** Opening Data extract block **

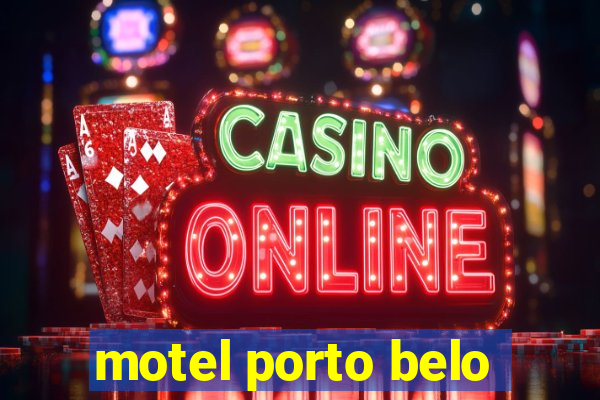 motel porto belo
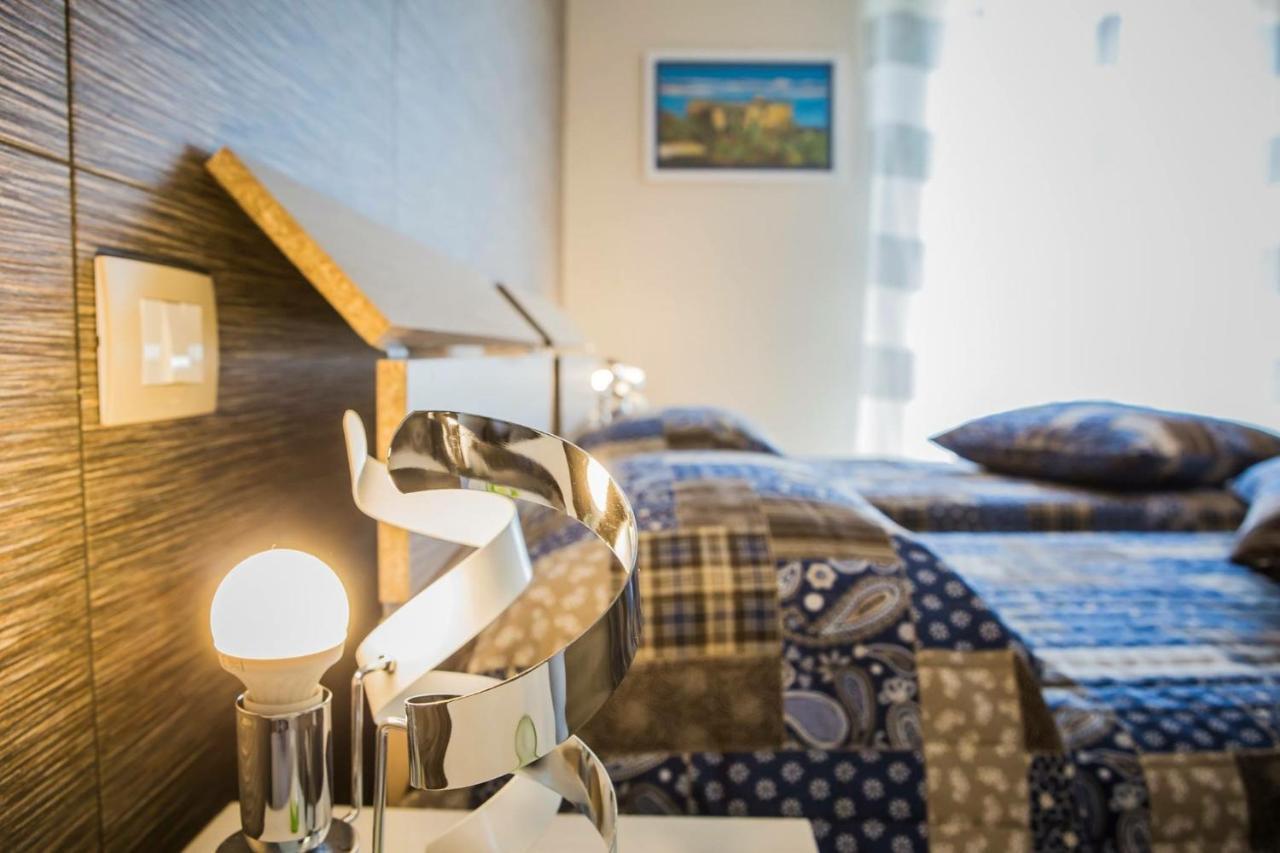 Le Notti Di Morfeo Bed & Breakfast San Leone Luaran gambar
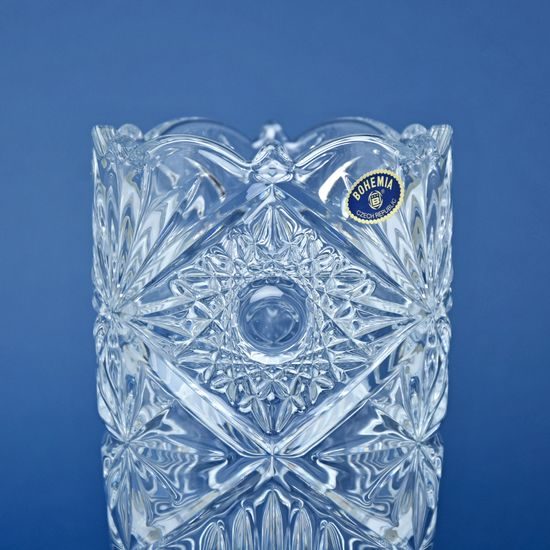 Vase Miranda 20 cm, Crystal Bohemia Poděbrady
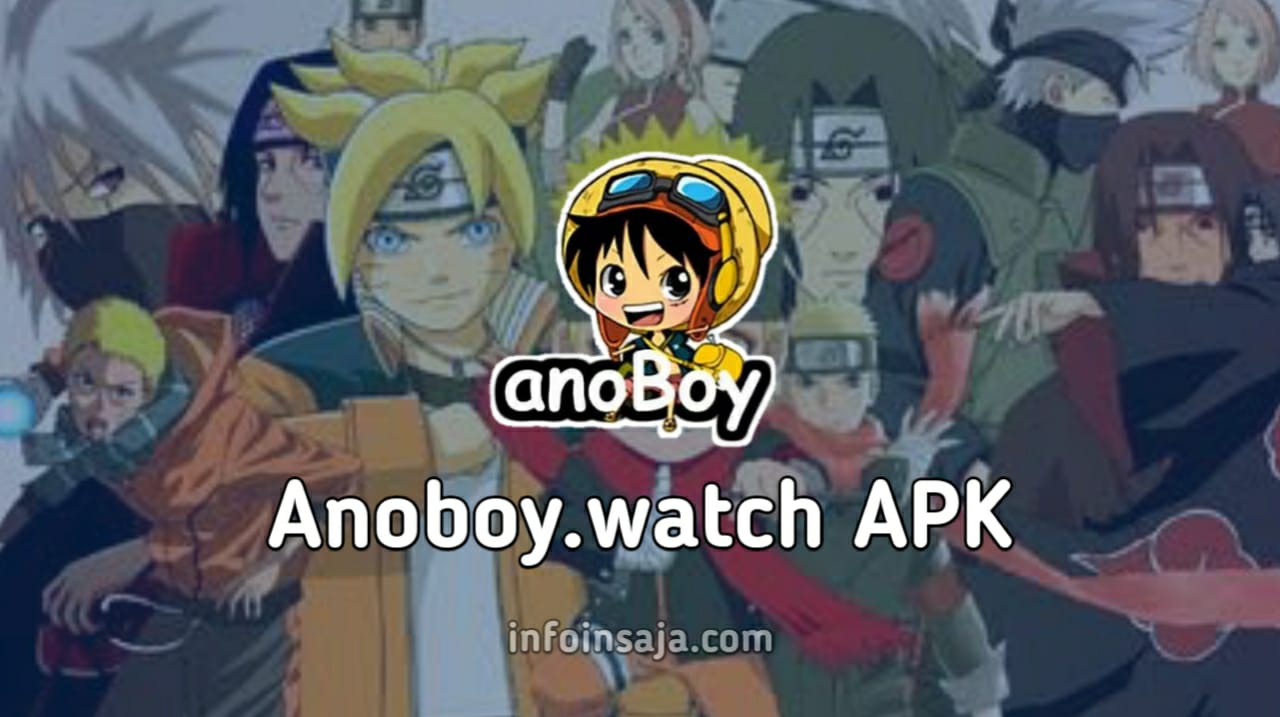 Anoboy.watch APK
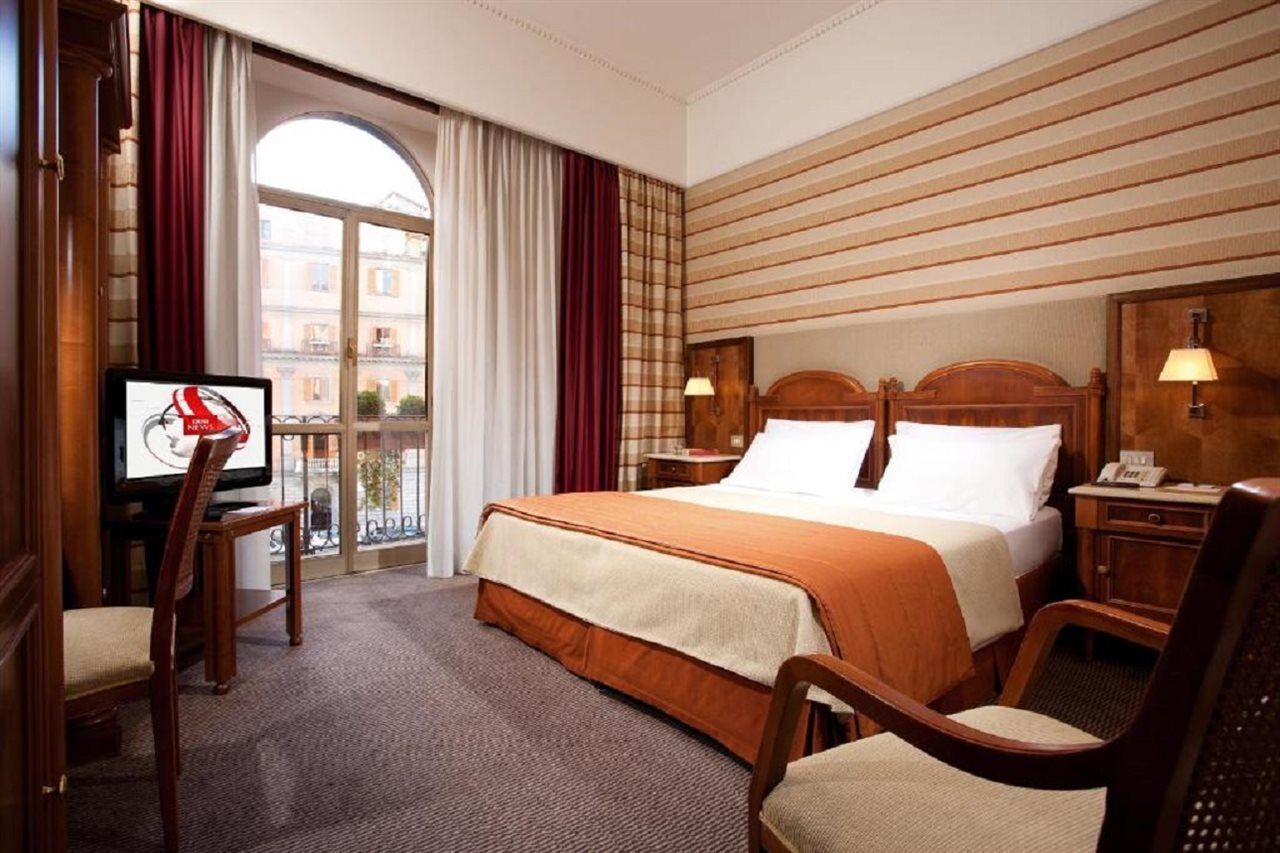 Mascagni Hotel 4*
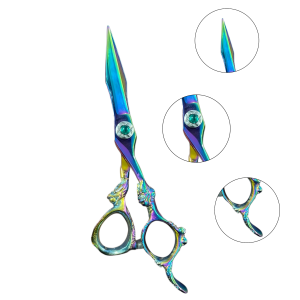 Titanium Coated Scissors
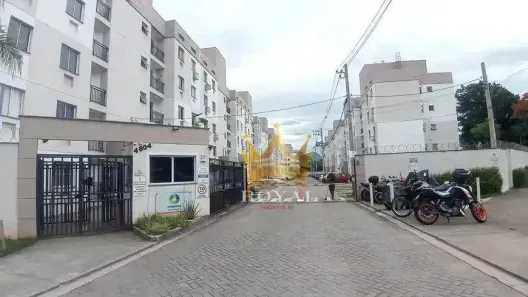 Apartamento com 2 Quartos à venda, 44m² no Taquara, Rio de Janeiro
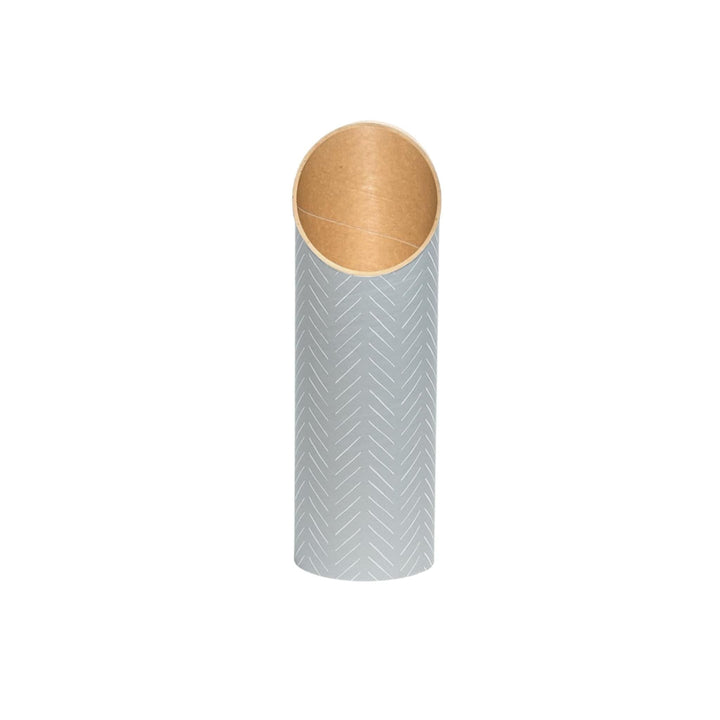 Mache Grey Yoga Mat Storage Tube, Hatch
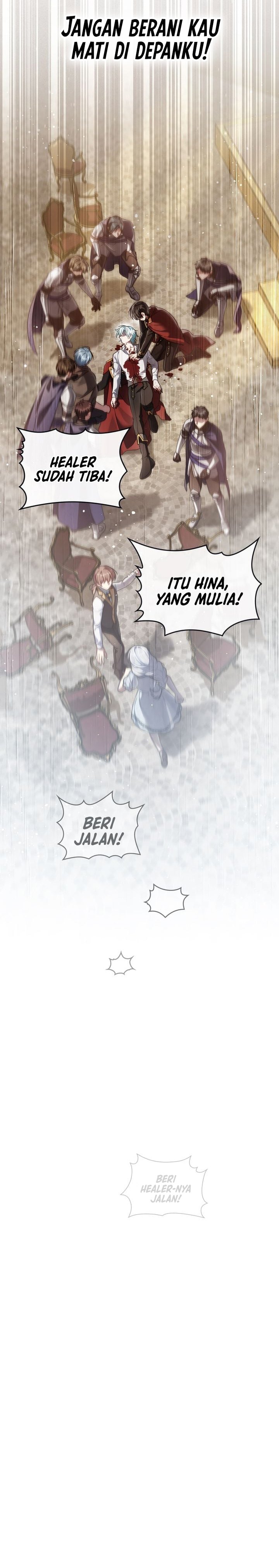 Reborn as the Enemy Prince chapter 70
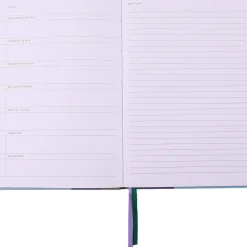 Agenda A5 Não Datada Happiness Note!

** Closing Data extract block **

Directions for this task: Extract all the data above exactly, excluding every picture.

Answer area:
 motel porto belo
 Le Notti Di Morfeo Bed & Breakfast San Leone Luaran gambar
 Vase Miranda 20 cm, Crystal Bohemia Poděbrady
 Anoboy.watch APK
 Mascagni Hotel 4*
 Titanium Coated Scissors
 Apartamento com 2 Quartos à venda, 44m² no Taquara, Rio de Janeiro
 Mache Grey Yoga Mat Storage Tube, Hatch
 Reborn as the Enemy Prince chapter 70
 Agenda A5 Não Datada Happiness Note!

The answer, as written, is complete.